Updated

Doctors and health care organizations are working on new strategies to prevent Latin women from developing and dying from cervical cancer.

Latinas are twice as likely to contract the disease as Caucasian women because they don’t get regular pap smears.

Experts say the reasons Latinas do not get regular pap smears vary from lack of awareness and lack of health care to a fear of being stigmatized.

Cervical cancer is caused by certain strains of the human papillomavirus, a common sexually transmitted infection. According to the Center for Disease Control, 90 percent of the time HPV clears up on its own, but in 10 percent of cases the person develops either cancer or genital warts.

“I grew up Catholic and my parents’ belief was you don’t have sex until you’re married, so you don’t need to go to the gynecologist because you’re clean,” said Susie Carillo, a Los Angeles resident, who was diagnosed with cervical cancer when she was 23.

Carillo, now 32, recently became a volunteer with the National Cervical Cancer Coalition, agreeing to share her story as part of a national campaign to get women talking about the disease.

“I really haven’t met many Latino women with the disease,” she says. “I’ve met many women of different races, but I know there are more Latino women out there. I wish our community was more open about this subject.”

Carillo was lucky that her cancer was caught early during a prenatal exam when she was pregnant with her daughter. Because there are few symptoms related to the disease, it is often not caught in Latino women until it is advanced.

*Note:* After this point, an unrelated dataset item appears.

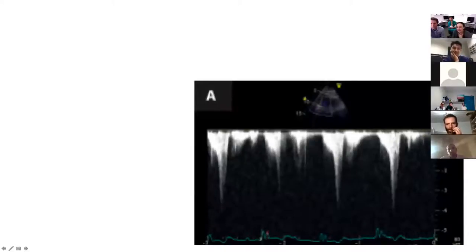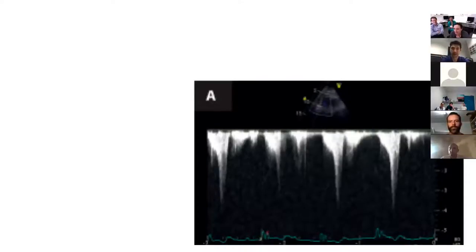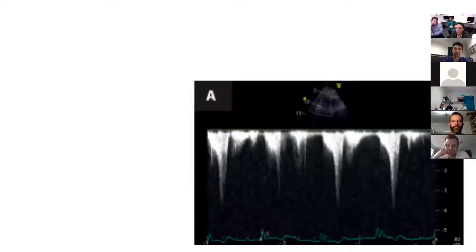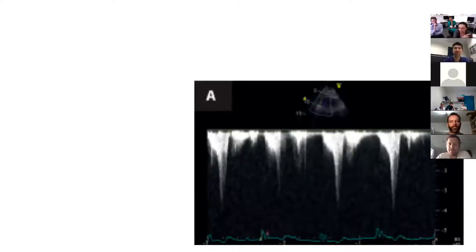Looking at continuous wave Doppler through the LVOT — this is a late-peaking spectral Doppler signal, which signifies obstruction along the path of the continuous wave, anywhere from the LVOT to the apex of the LV. The reason for the late peaking is a feedback loop: as gradients increase throughout the cycle, you get higher and higher pressures — that's why it peaks late.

Regular screening in the form of pap smears helps catch the disease while it can still be treated. But many Hispanic women get their health care at low-income clinics where the staff is often overwhelmed, said Alejandra Casillas, a physician with the California Medical Association (CMA) who works at the Venice Family Clinic in southern California.

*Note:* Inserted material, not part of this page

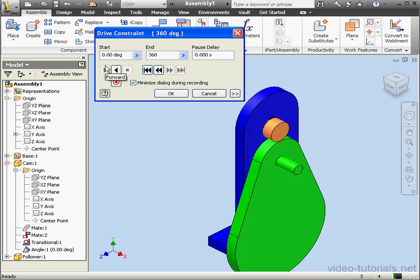This concludes our lesson about using transitional constraints.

“Some clinics may not have a good reminder system for ensuring that patients come back for regular exams,” she said.

The CMA recently launched a campaign that includes giving providers a toolkit to improve communication with their patients. The campaign will also try to increase public awareness of the HPV vaccine, which came on the market five years ago and can help prevent women from contracting the strains of HPV that cause cancer.

The CDC recommends that girls receive the vaccine between the ages of 9 and 11.

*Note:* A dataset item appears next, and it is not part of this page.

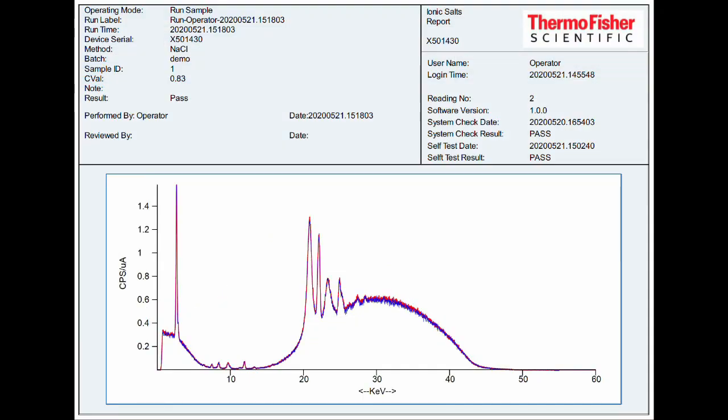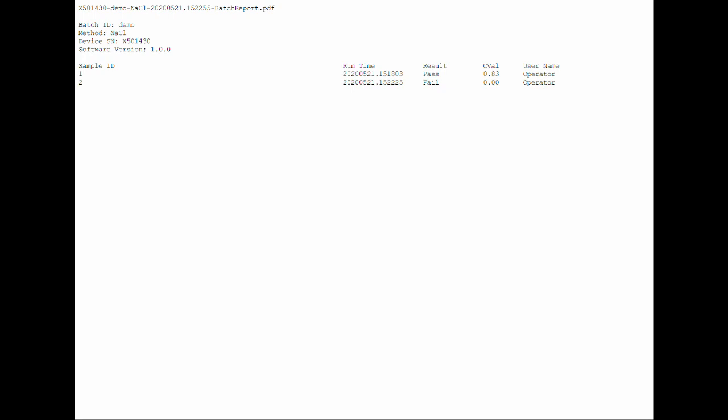Various reports will be found in the archive location. Here's an example of a sample run report PDF. On the report, you'll see the user who generated the data, a time-date stamp for when the run was generated, as well as the instrument's passing self-test results. Most importantly is the passing C value and the overall result of the sample run. A graphical overlay of the sample scan and method signature is displayed for visual inspection. Here's an example of a batch report in PDF format. The batch report is easily parsed by a LIMS or suitable data management system. A text version of the batch report is also available for use.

Some studies have shown that Hispanic parents are receptive to the vaccine when a health care provider recommends it.

Another organization involved in the fight to lower the rate of cervical cancer in Latino women is Cervical Cancer-Free America. The group, based in North Carolina, recently teamed up with the United Way so that when low-income women call the United Way’s 211 number for help accessing community services, they learn where they can get cervical cancer screening.

Employing such innovative strategies is what it will take to eradicate the disease said Jennifer Smith, an epidemiologist and director of Cervical Cancer-Free America. “It’s an ambitious goal,” she said. “But it’s imminently achievable. Women in this country, no matter what their ethnicity, shouldn’t be dying of cervical cancer.”